- _ASSIGNMENT_: Every entry is to be returned exactly as it stands; the pictures are to be dropped.

Caption-style text data:

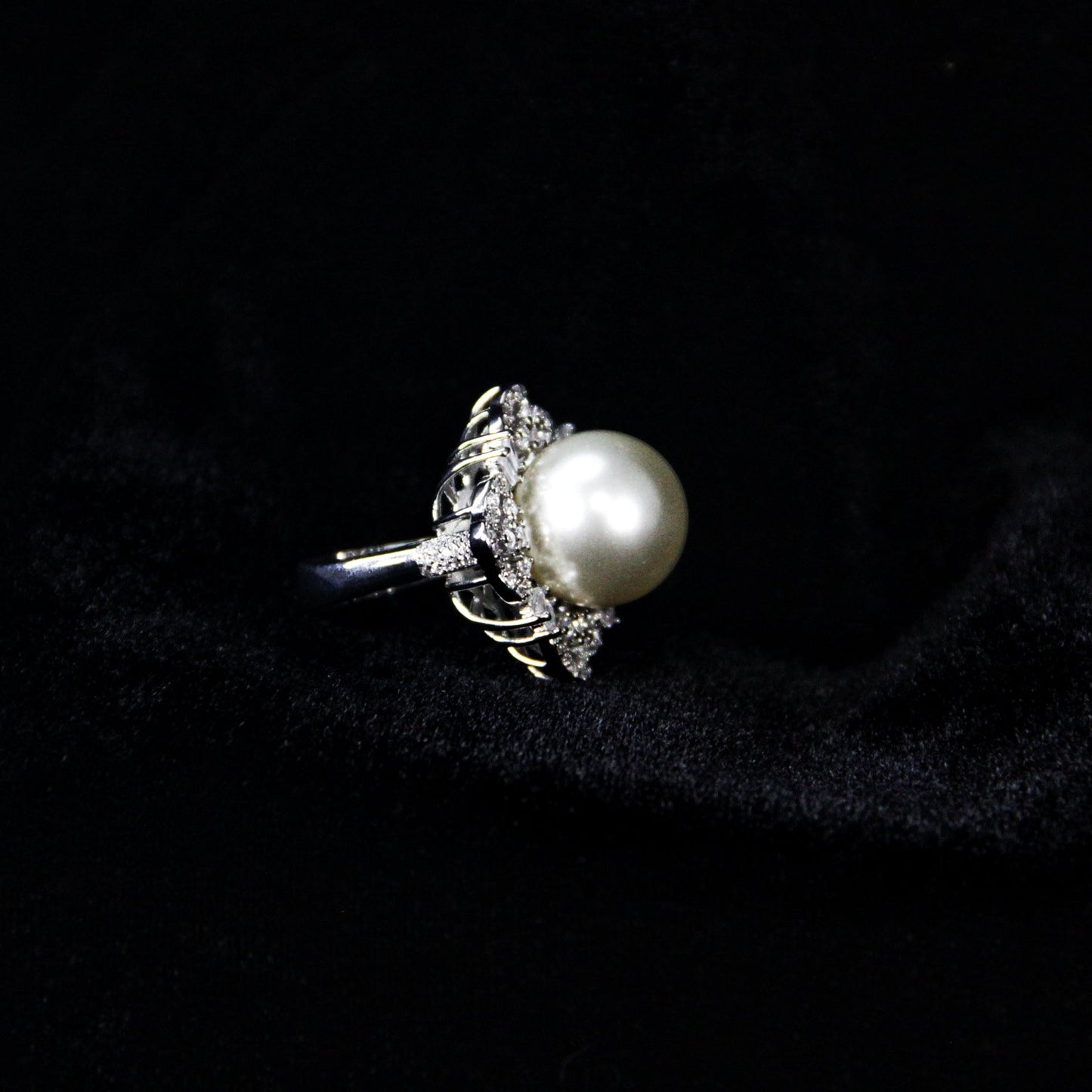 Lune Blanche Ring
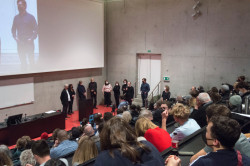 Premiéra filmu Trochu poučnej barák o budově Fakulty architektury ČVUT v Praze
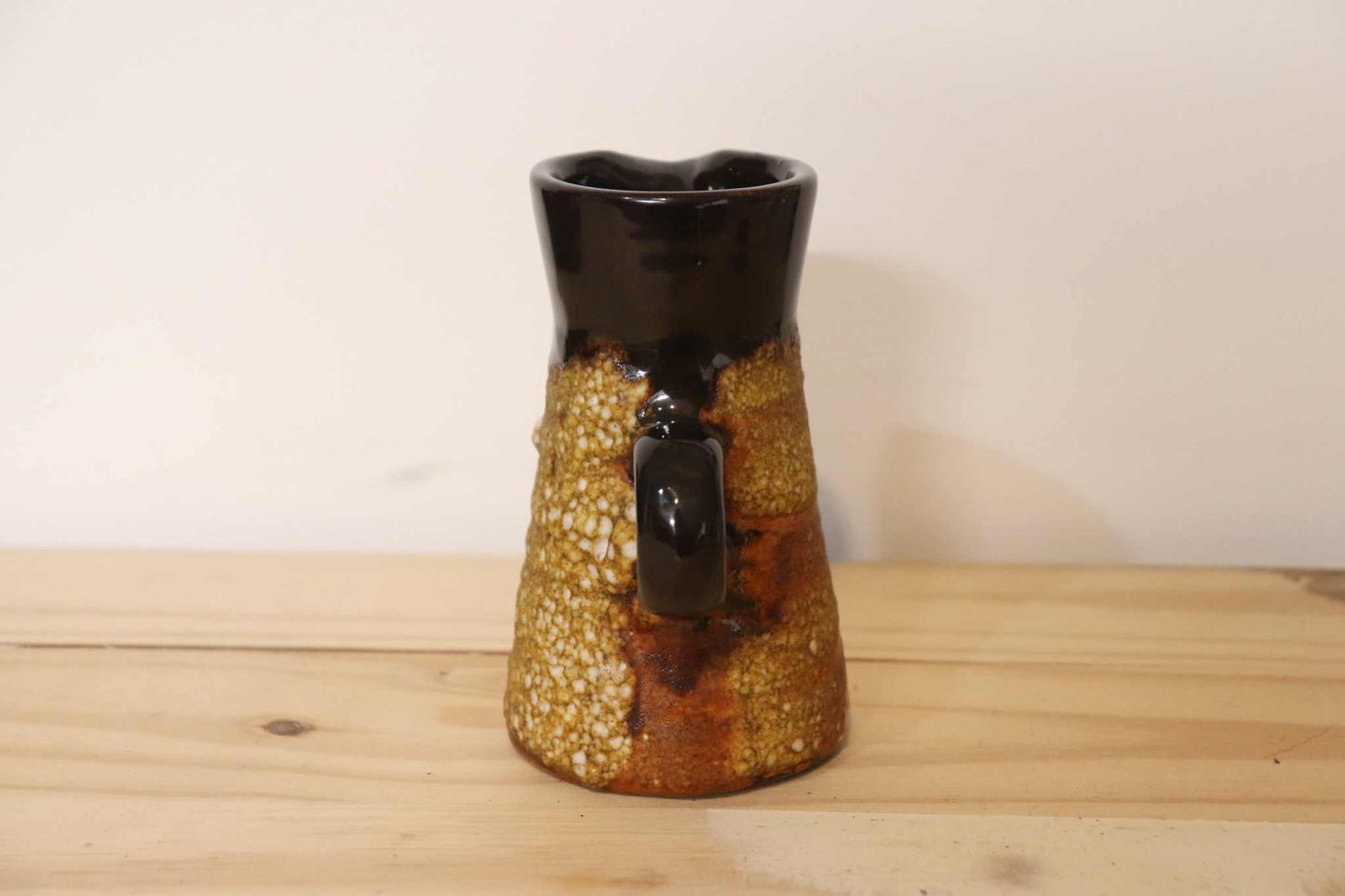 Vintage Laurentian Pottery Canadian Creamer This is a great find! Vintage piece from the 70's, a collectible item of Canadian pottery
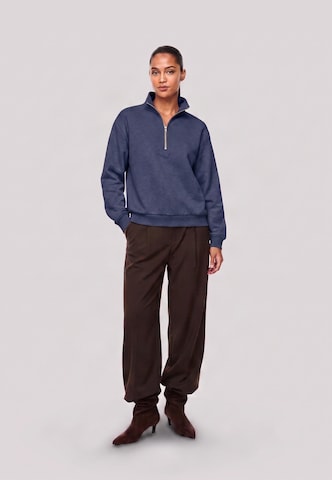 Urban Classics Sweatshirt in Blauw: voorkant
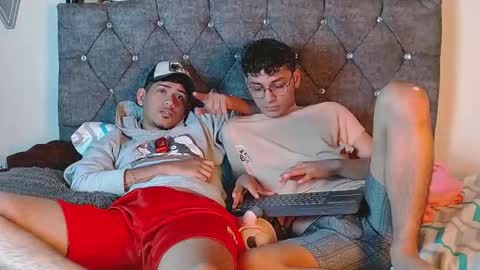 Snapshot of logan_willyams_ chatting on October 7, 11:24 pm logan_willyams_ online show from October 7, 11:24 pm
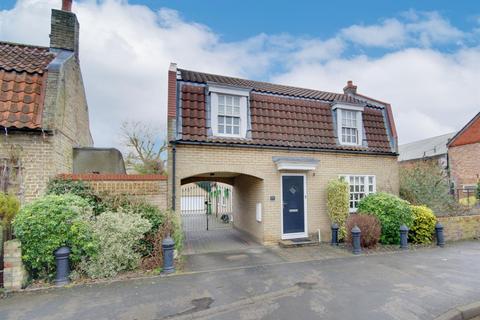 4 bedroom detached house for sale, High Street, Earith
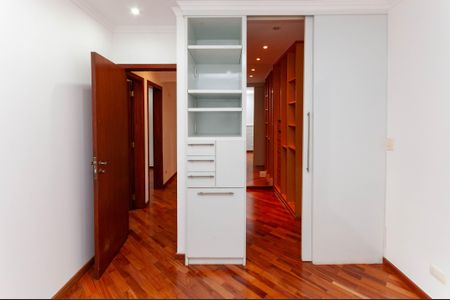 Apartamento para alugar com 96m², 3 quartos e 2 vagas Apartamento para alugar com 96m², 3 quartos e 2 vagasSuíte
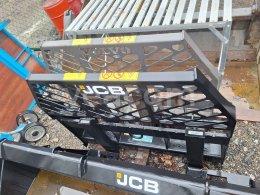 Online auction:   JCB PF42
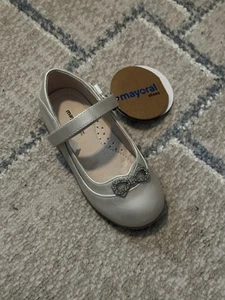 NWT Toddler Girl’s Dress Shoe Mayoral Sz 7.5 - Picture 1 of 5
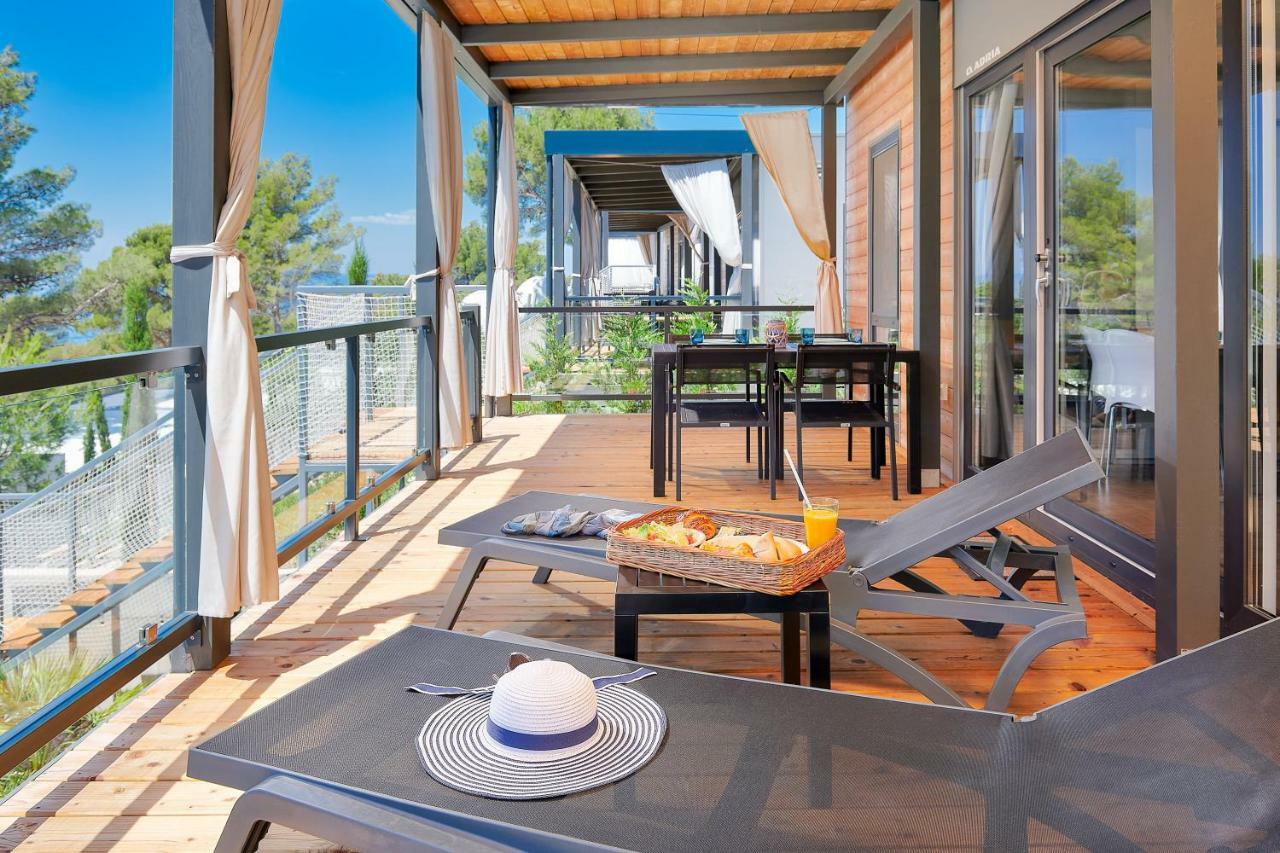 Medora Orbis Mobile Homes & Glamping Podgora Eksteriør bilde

- _SOLUTION_:
 Lune Blanche Ring
 Premiéra filmu Trochu poučnej barák o budově Fakulty architektury ČVUT v Praze
 Vintage Laurentian Pottery Canadian Creamer This is a great find! Vintage piece from the 70's, a collectible item of Canadian pottery
 Urban Classics Sweatshirt in Blauw: voorkant
 Snapshot of logan_willyams_ chatting on October 7, 11:24 pm logan_willyams_ online show from October 7, 11:24 pm
 4 bedroom detached house for sale, High Street, Earith
 Apartamento para alugar com 96m², 3 quartos e 2 vagas Apartamento para alugar com 96m², 3 quartos e 2 vagasSuíte
 Online auction:   JCB PF42
 NWT Toddler Girl’s Dress Shoe Mayoral Sz 7.5 - Picture 1 of 5
 Medora Orbis Mobile Homes & Glamping Podgora Eksteriør bilde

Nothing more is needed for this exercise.